Making phyllo dough from scratch is quite intimidating for most people. In fact, most home cooks and bakers, even food establishments use store-bought phyllo dough. There is nothing wrong with that because to tell you frankly, rolling phyllo dough as thin as possible is an art that involves technique and plenty of time which makes store-bought phyllo dough a very convenient commodity.
I have, for a number of times, contemplated on making phyllo dough from scratch, but time and time again, I have pushed that idea aside. Too scared perhaps... Last month's Daring Bakers' Challenge was to make phyllo dough from scratch and utilize it to make the Greek and Turkish classic, baklava. When I read the challenge last month, I was so enthused to join, but for varies of reasons I wasn't able to participate.

shots of how I made my phyllo pastry money bag

Fortunately, I managed to find time in the kitchen again, so my baking cap was on for phyllo dough project. I scrapped the idea of making baklava with my phyllo dough because I am not really a fan of baklava, too sweet for my liking. So instead I decided to use my phyllo dough to make parcels or what I would like to call money bags! What's in the money bag? I thought long and hard for my filling of choice, and ended up with a simple pastry cream because I think the phyllo dough is yummy enough already that it doesn't need a complex filling to be devoured. Although to give my pastry cream a taste of Greece, I infused the pastry cream with a nice fragrance of orange blossom water.
My experience with the phyllo dough was pleasant. It was a bit tricky when I rolled out my first phyllo dough, but managed to get the hang of it. I'm not too sure though if I rolled it out thin enough because the end result didn't look like the phyllo pastry you would get if you used store-bought phyllo dough. The taste however is more superior to store-bought phyllo dough. So will I start making phyllo dough from scratch after this phyllo dough project? 50/50. Making the phyllo dough is time consuming, so using store-bought phyllo dough is really convenient. Maybe if I have a lot of time to spare, then I'll make it from scratch.
I shared my orange blossom filled phyllo pastry money bags with a couple of friends, and they absolutely loved it! I loved it too!

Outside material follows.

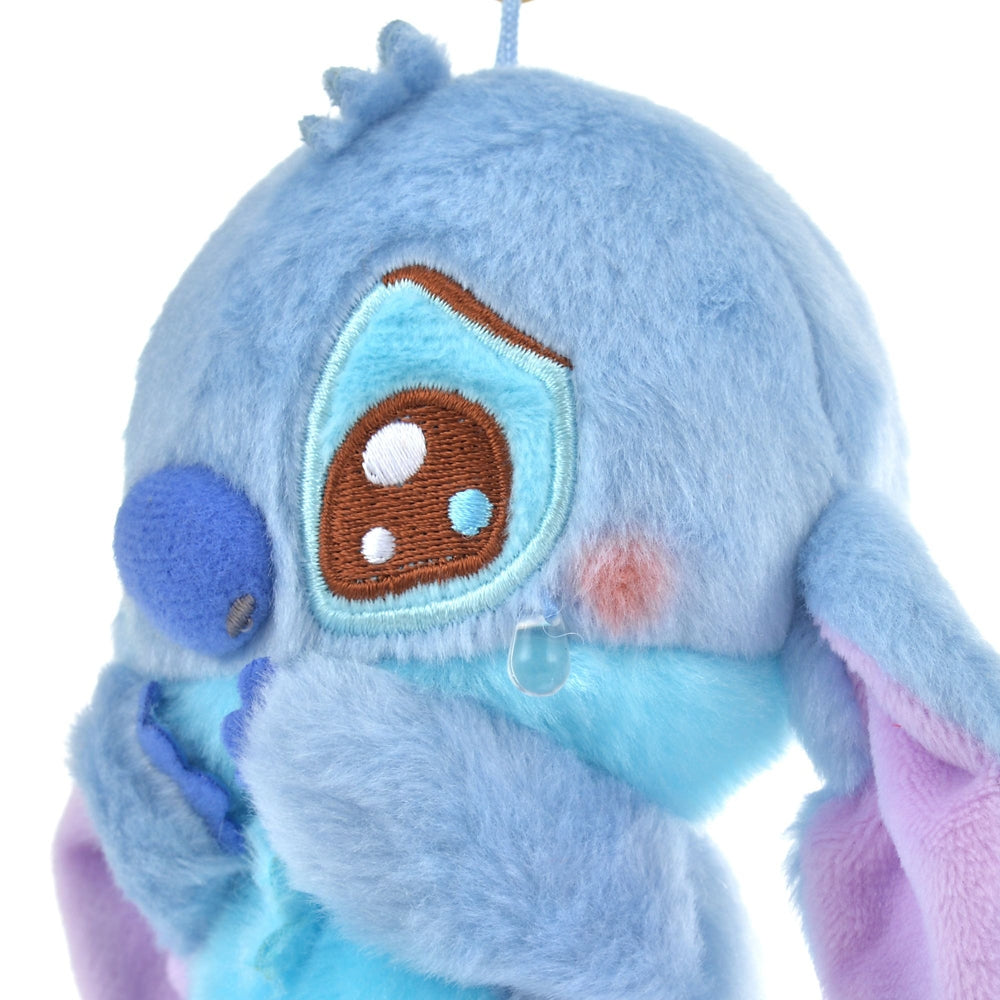 Stitch Plush Keychain Uruuru Tears Disney Store Japan 2024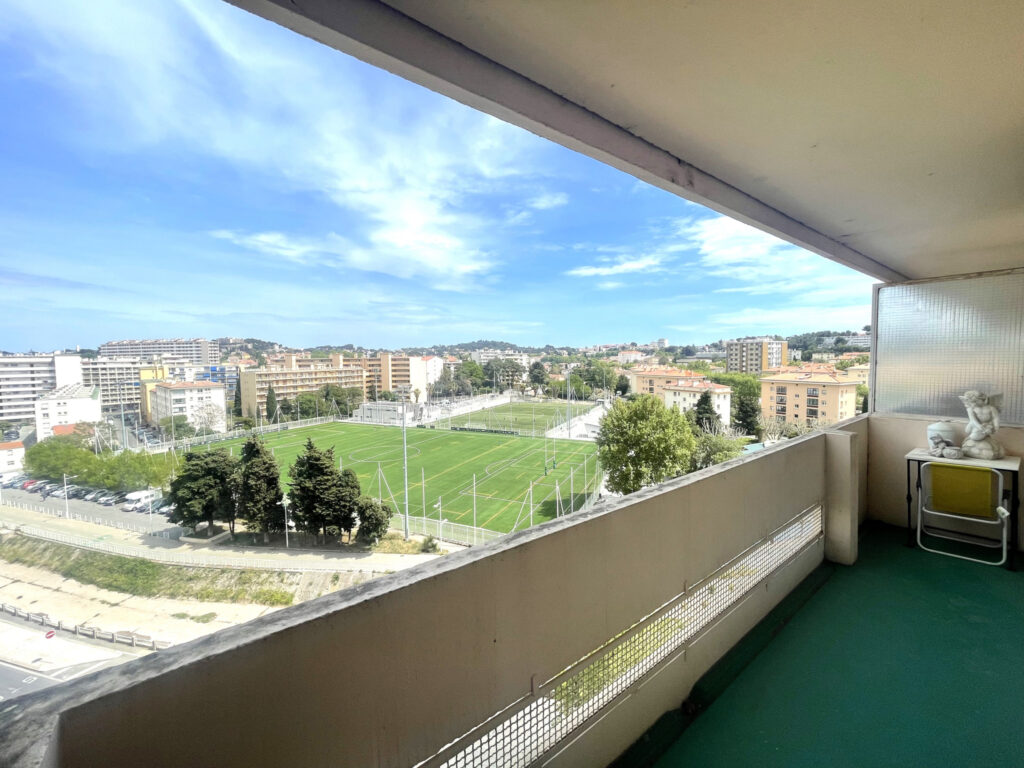 Appartement Viager occupé vue mer. – 3 pièces – 2 chambres – 82 m²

Components used for this dessert treat:
Bisou bisou,
Charlotte

Thursday, 16 June 2011

Mystery Fruit... Help!

Ok, same story with the mulberries; I was on my way to yoga when I saw these lovely red fruits. I've never seen fresh red gooseberries or red currants before, so I assumed those fruits would most definitely be one of my guesses. I was wrong. The fruits I bought have pits, and it tasted very similar to grapes. In fact, if you have your eyes closed, you would think they were grapes.
Currants.. Gooseberries.. No? What are they?

Inside the Mystery Fruit

 I took the fruits to my H's workplace to ask his colleagues what they were. Yes, my H has very helpful colleagues, but none of them could tell me what they were. The only answer they could give me was wild grapes. So did I buy a bag of wild grapes? I'm not so convinced. I've been also doing some research over the internet as well as books, but no answer. Can anyone tell me what these fruits are?

Update: Thank you to all my readers who were trying to help me figure out this mystery fruit. I got different responses as what this mystery fruit might be (red choke berry, goji berry, jujube, aratilis, dwarf burford holly, etc.), but in the end my Korean friend confirmed that this fruit is simply a Korean type cherry. Mystery solved!

Bisou bisou,
Charlotte

Saturday, 21 May 2011

Egg Tarts

I'm going to meet up with my friend for lunch tomorrow, and she mentioned before that she had never eaten an egg tart. Egg tarts are one of the most simple yet irresistibly scrumptious dessert/snack out there, so for her not to have tasted one... Hence I've decided to surprise her with some!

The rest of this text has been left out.